On the heels of Jesus' words about his impending torture and death, he encounters a blind beggar. Here is the victorious healing, the supernatural sign. But see how the beggar cries out in his desperate condition, in spite of opposition from the crowd. The people see themselves as part of a victory procession, a royal parade toward coronation -- little do they know what Jesus' throne will actually be and what crown he will actually wear -- and the last thing they want to be bothered with is the spectacle of a blind man who wants attention. In subtle and obvious ways, we put our suffering out of sight so we don't have to deal with it. The aging go to nursing homes; the dead go to funeral homes; the sick stay home from work; we don't talk about depression in polite company; we all pop pills to take the edge off our pain, and when we get addicted to our painkillers we hide away in rehab centers. But Jesus stops the parade and summons the blind man, in fact commands the people to deal with his blindness directly by guiding him to Jesus.
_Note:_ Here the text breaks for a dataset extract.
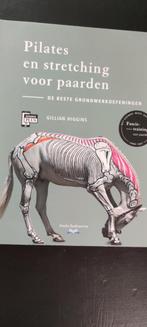 Pilates en stretching voor paarden, Nieuw, Ophalen of Verzenden, Gillian Higgins, Overige onderwerpen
What to do with these verses? The place to start is sitting by the road, watching what looks to us like a victorious parade passing by. Have you experienced life this way? Everyone else seems to have their act together. They are successfully following a victorious Messiah en route to his coronation, and there you sit in your blindness, in your suffering, in your incapacity. Don't accept the illusion that this is a victory parade, from glory into glory. Realize the nature of the Love that is passing by -- that Jesus goes to the cross for this deluded multitude, and for the sake of the city that will approve of his crucifixion, as well as for you. Cry out to Jesus in the place of your suffering, and don't let the crowd's misconceptions silence you. "Jesus, Son of David, have mercy on me!" He will not fail to hear your cries. He may use your suffering to confront those who simply want to march up to Jerusalem for a party. He will enter into your suffering and stand with you in compassion. And he will bring healing, because he loves you. In that, in the healing, he will invite you to enter into suffering -- not just your own, but others' -- and stand with a broken world in love.